I've been entertaining the idea of doing a weekly comic book review on this site, especially with my Buffyverse Comics site closing down next month. It's been hard finding the time, what with managing two jobs, my freelance writing, and the whole "having a life" thing... so I figure, since I'm the busiest I've ever been, now is totally the time to add more to the load.
COMIC BOOK WEDNESDAY
Supergirl #60 - #63 Review
To kick things off, let's talk about the Maid of Might. The Daughter of Krypton. That blonde flying girl whose skirt is waaaaaay too short for anyone's good. A skirt that short just makes for awkward conversation. "Hey, how are you?" "Not bad, yoOH MY GOD ARE YOU EVEN WEARING PANTS? THAT'S LIKE A SKIRT SHAPED BELT?"
But I kid. To me, Supergirl is the character that got me back into superhero comics. I'm currently on the way to becoming an all out DC nut because of these books. Jeph Loeb gave her a great reintroduction with the second arc of the Superman/Batman book way back, Sterling Gates made the series a must read, and now James Peaty is currently doing pretty cool things with the character. Let's take a look at the latest arc, James Peaty's "Good Looking Corpse."
#60 - the iconic cover
SUPERGIRL #60 is brilliant. Even if the issue had been horrible--which, let's just say it wasn't, for those who like to skim (also, hey, stop skimming!)--the cover is iconic. Supergirl, with the pink S behind her, stares out at the audience with a slight smile; after Gates' character defining run, Supergirl is in a good place. She's confident in herself, which just demonstrates how far she's come from the mess of a girl that arrived on Earth in Superman/Batman. The smile and calm look in her eyes on the cover of January's Supergirl #60 perfectly and subtly shows that Supergirl has finally earned the S; the symbol that she has constantly struggled to live up to. That's the art of Amy Reeder for you. Now, I'm just waiting for DC to throw her on interiors. She would absolutely kill this book--in the good way, not the "Hey, let's cancel this book now" kind of way.

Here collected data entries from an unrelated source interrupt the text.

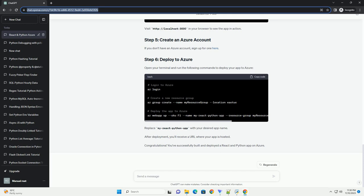Start the React app and the Python back-end locally. Visit http://localhost:3000 in your browser to see the app in action.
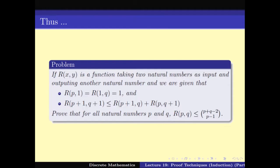We have seen a number of different versions of the induction hypothesis that can be applied. Depending on the problem, one might have to choose the right version to apply. We will continue with more studies on proof using induction in the next couple of steps. Thank you.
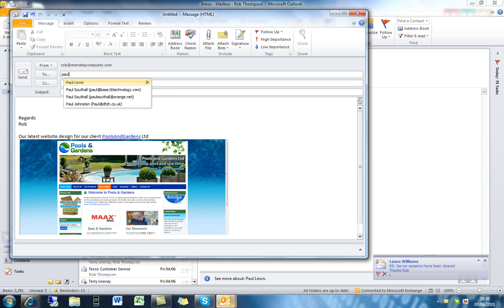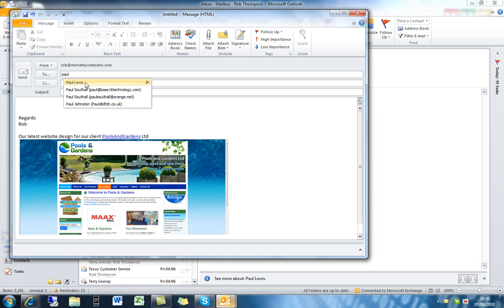For example, whenever I go to type in Paul here, I've got four contacts come up in the list.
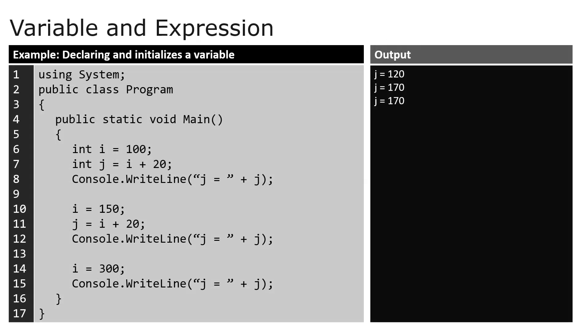Variables can also be used in an expression, and the result of the expression can be assigned to the same or different variable. In this example, the value of j depends on the value of i. You must re-execute the expression each time you change the value of i, otherwise the value of j would not be changed based on the value of i.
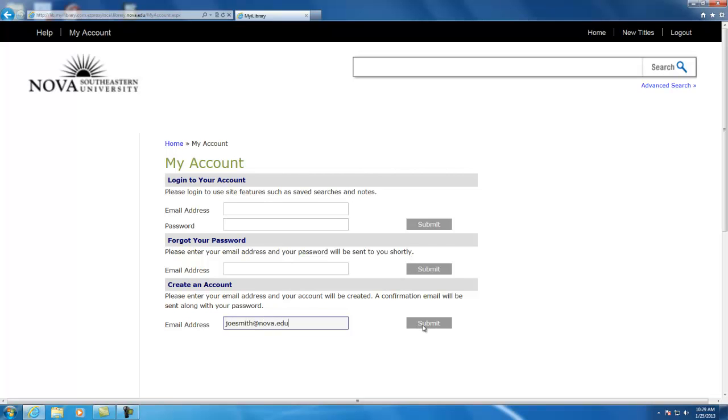When you do this, it will send your password to your email account. Then you can log in to your My iLibrary account. The first time you log in, you will be prompted if you want to change your password or not.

Writer Nick Spencer was supposed to do this arc, and he's credited as a co-writer in the first part... but #61 and on are all James Peaty. Of the storyline, four out of five issues have been released, and the plot is pretty promising. There's a new (well... eh; you'll see) villain in the mix that causes trouble for Supergirl, Damian Wayne, and Blue Beetle. While they're dealing with that mess, which keeps getting crazier with each issue, Lois Lane has her own problems. It's a fun romp for the most part, and the action is great thanks to artist Bernard Chang... but the thing that makes these issues special isn't the Big Bad or the intricately woven sub-plots, or the outright inspiring confidence of Kara Zor-El. It's the human element, which the books (particularly #60) outright ace.

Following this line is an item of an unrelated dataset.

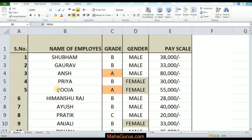Hey, what's good everybody! Welcome back to our YouTube channel Mahagurus.com. In this tutorial we will learn how we can align text to the left in Microsoft Excel. Please follow each and every step as I say, and without wasting any time let's get started.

The moment that sold this creative team for me was in the first part of the arc. Supergirl flies to the rescue of a teenage boy falling off of a building, only to learn that he purposely threw himself off, knowing she would save him--just to get her phone number. It's a moment that, upon first read, scores a laugh, but when I went back to reread these books for the review, it felt a lot darker. It ties into an idea that the arc seems to be pushing; civilian obsession with superheroes puts lives in danger. The "evil genius" (I put it in quotes, because the ceaselessly awesome Terra once pointed out that any genius would see that evil for the sake of evil is just counterproductive) of the arc is an app-builder for smart phones, and uses said app to track videos that people take of Supergirl on their phones.
#62 - Unused Cover
All in all, I'm looking forward to the way that James Peaty end the arc... but as fun as the plot is, I'm more impressed with the thematic significance of the story. Sterling Gates is the Supergirl writer (though, I plan to take the title from him--gently--when I write the title... AND THEN RULE THE WORLD MWAHAHAH... ahem), but Peaty is doing a damn fine job with this series. This just shows that not all changes in creative teams are signs of the world ending; Supergirl is still an excellent book. Just in a very different way.